• What the exercise asks
Starting at the line that contains "DRAVEN — 18k gold sun adjustable", copy every line through the end of the listing below exactly, and copy nothing else.

• Supplied material
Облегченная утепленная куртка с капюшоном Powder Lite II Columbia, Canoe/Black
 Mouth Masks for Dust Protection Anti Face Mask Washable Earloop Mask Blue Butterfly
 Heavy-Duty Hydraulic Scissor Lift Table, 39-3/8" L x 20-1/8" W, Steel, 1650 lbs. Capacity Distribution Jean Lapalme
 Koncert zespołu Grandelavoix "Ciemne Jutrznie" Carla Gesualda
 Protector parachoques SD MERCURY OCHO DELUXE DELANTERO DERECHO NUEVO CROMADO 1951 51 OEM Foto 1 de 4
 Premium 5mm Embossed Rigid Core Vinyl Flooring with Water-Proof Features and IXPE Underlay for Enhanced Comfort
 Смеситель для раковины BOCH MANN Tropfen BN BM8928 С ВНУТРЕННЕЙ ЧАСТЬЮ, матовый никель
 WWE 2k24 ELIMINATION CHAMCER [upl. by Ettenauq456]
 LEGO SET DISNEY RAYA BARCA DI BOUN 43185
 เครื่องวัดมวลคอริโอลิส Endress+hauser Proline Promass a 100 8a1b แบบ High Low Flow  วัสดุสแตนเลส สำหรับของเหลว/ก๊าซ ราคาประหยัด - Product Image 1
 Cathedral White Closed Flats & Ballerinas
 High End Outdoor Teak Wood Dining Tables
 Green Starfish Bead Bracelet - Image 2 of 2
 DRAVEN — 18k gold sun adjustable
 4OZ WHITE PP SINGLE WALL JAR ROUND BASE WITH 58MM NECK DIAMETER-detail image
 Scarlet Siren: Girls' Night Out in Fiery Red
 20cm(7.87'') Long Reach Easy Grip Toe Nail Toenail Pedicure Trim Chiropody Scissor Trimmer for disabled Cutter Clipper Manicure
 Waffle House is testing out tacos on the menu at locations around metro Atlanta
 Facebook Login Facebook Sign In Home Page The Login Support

• Your solution
 DRAVEN — 18k gold sun adjustable
 4OZ WHITE PP SINGLE WALL JAR ROUND BASE WITH 58MM NECK DIAMETER-detail image
 Scarlet Siren: Girls' Night Out in Fiery Red
 20cm(7.87'') Long Reach Easy Grip Toe Nail Toenail Pedicure Trim Chiropody Scissor Trimmer for disabled Cutter Clipper Manicure
 Waffle House is testing out tacos on the menu at locations around metro Atlanta
 Facebook Login Facebook Sign In Home Page The Login Support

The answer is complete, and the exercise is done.